■ WHAT TO WORK ON ■
Type the records that follow again exactly as written, but drop the pictures.

Top of DATA SHOWN

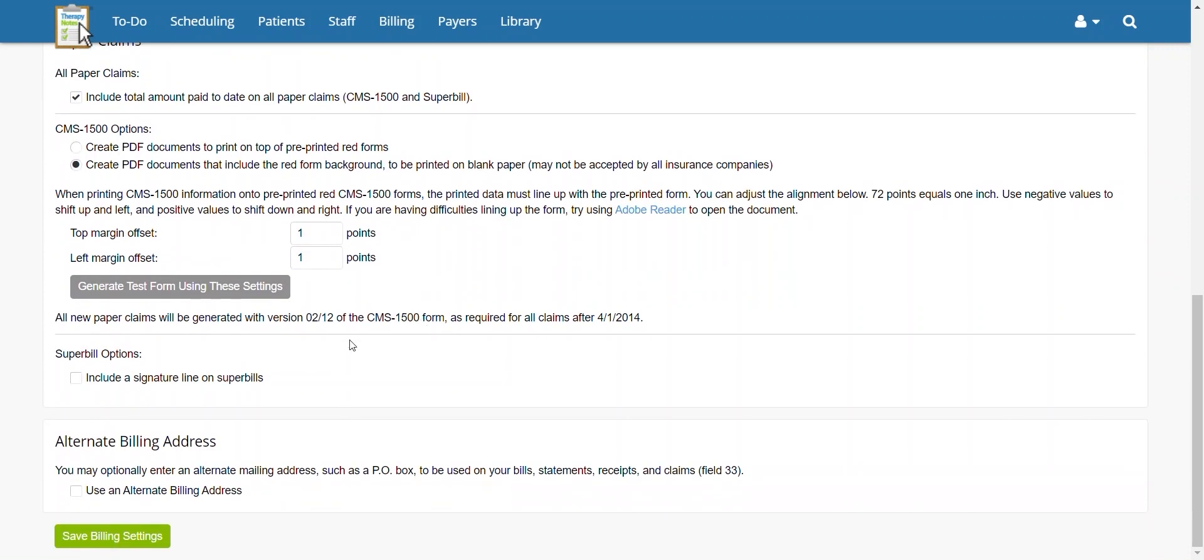Under Superbill Options, you may select to include a signature line on Superbills by checking the box next to this option. A signature is required for most payers to accept Superbills.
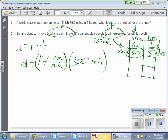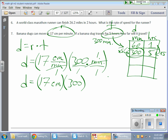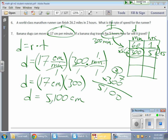I can simplify: minutes over minutes cancels out, leaving d equals 17 centimeters times 300. Multiplying 300 by 17 gives me 5,100 centimeters. So 5,100 centimeters equals my distance.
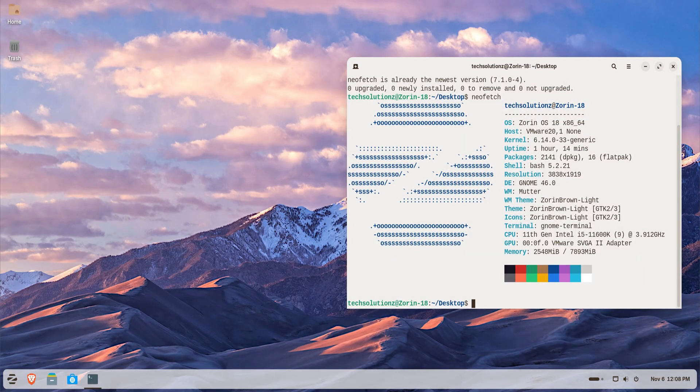Hey everyone! Welcome back to Tech Solutions Z. In this video, I'll show you how to install and run Windows apps on Zorin OS 18, safely and smoothly.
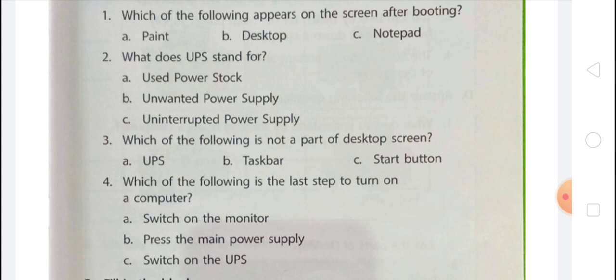That's your homework time. You have to tick the correct answers in your classwork copy of chapter 3. And if you have not completed your copy up to chapter 2, then you have to complete it in your free copy. Thank you.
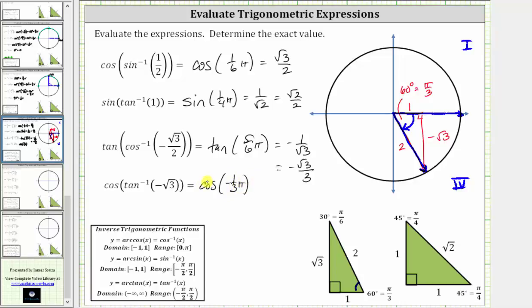Using the reference triangle, cosine of negative one-third pi radians is equal to the ratio of the adjacent side to the hypotenuse, which is one divided by two, or one-half. I hope you found this helpful.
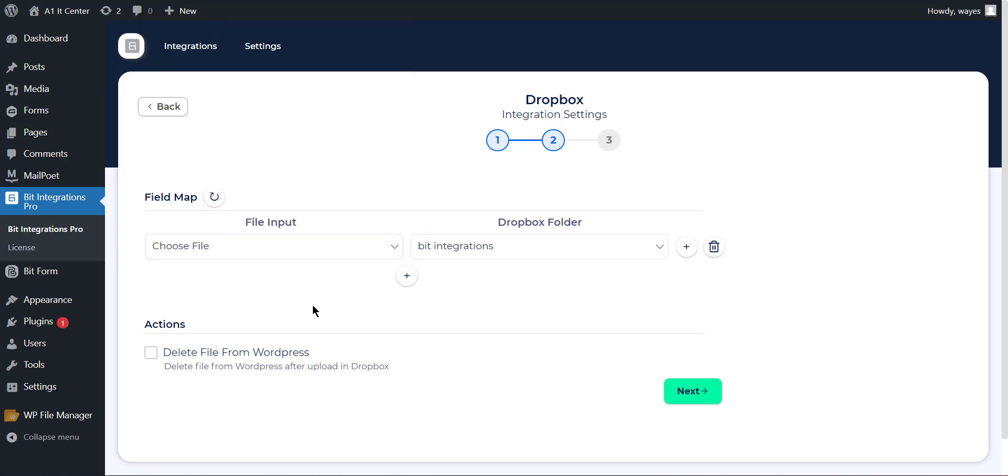If you want to delete the uploaded file from WordPress, enable the Delete file from Action. Then click on the Next button to proceed.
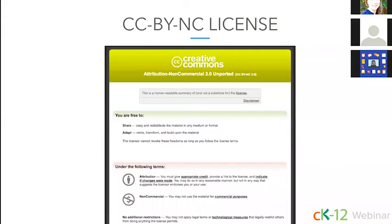Before we begin exploring our Flexbooks, please note that you have the ability to adapt and share content on our site because we're licensed under the Creative Commons Attribution Non-Commercial License. The basic gist is that you can't sell any of our content and you need to give appropriate credit. I would highly recommend looking at Creative Commons and the terms of use on our site to find out the specifics. But that license allows you to make adaptations and customizations.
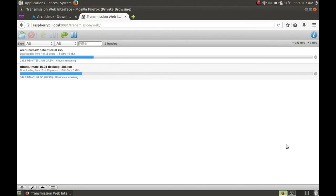The Transmission daemon will start up by default and the flash drive will be automatically mounted. That's all I have for you today — enjoy your Raspberry Pi seed box, and I'll see you all later.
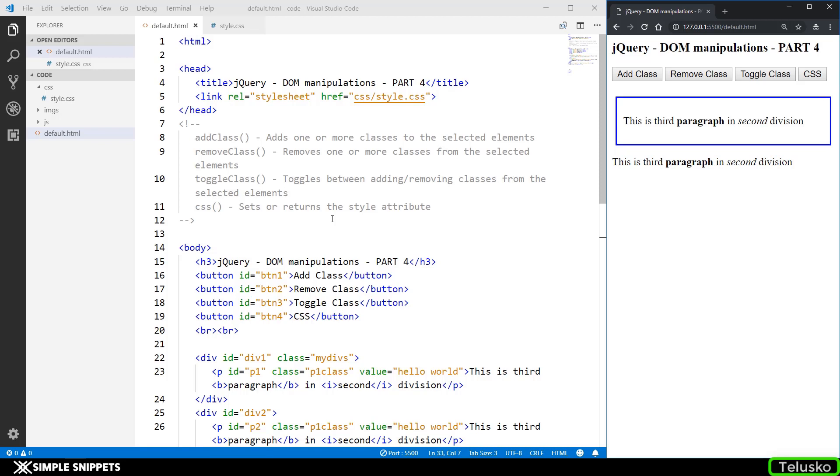So in this video tutorial we are going to be looking at four different inbuilt jQuery methods which help us perform DOM manipulations especially towards the CSS and styling part.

Bottom of DATA SHOWN

■ SOLUTION TO THE PROBLEM ■
Under Superbill Options, you may select to include a signature line on Superbills by checking the box next to this option. A signature is required for most payers to accept Superbills.
I can simplify: minutes over minutes cancels out, leaving d equals 17 centimeters times 300. Multiplying 300 by 17 gives me 5,100 centimeters. So 5,100 centimeters equals my distance.
Hey everyone! Welcome back to Tech Solutions Z. In this video, I'll show you how to install and run Windows apps on Zorin OS 18, safely and smoothly.
That's your homework time. You have to tick the correct answers in your classwork copy of chapter 3. And if you have not completed your copy up to chapter 2, then you have to complete it in your free copy. Thank you.
Using the reference triangle, cosine of negative one-third pi radians is equal to the ratio of the adjacent side to the hypotenuse, which is one divided by two, or one-half. I hope you found this helpful.
If you want to delete the uploaded file from WordPress, enable the Delete file from Action. Then click on the Next button to proceed.
Before we begin exploring our Flexbooks, please note that you have the ability to adapt and share content on our site because we're licensed under the Creative Commons Attribution Non-Commercial License. The basic gist is that you can't sell any of our content and you need to give appropriate credit. I would highly recommend looking at Creative Commons and the terms of use on our site to find out the specifics. But that license allows you to make adaptations and customizations.
The Transmission daemon will start up by default and the flash drive will be automatically mounted. That's all I have for you today — enjoy your Raspberry Pi seed box, and I'll see you all later.
So in this video tutorial we are going to be looking at four different inbuilt jQuery methods which help us perform DOM manipulations especially towards the CSS and styling part.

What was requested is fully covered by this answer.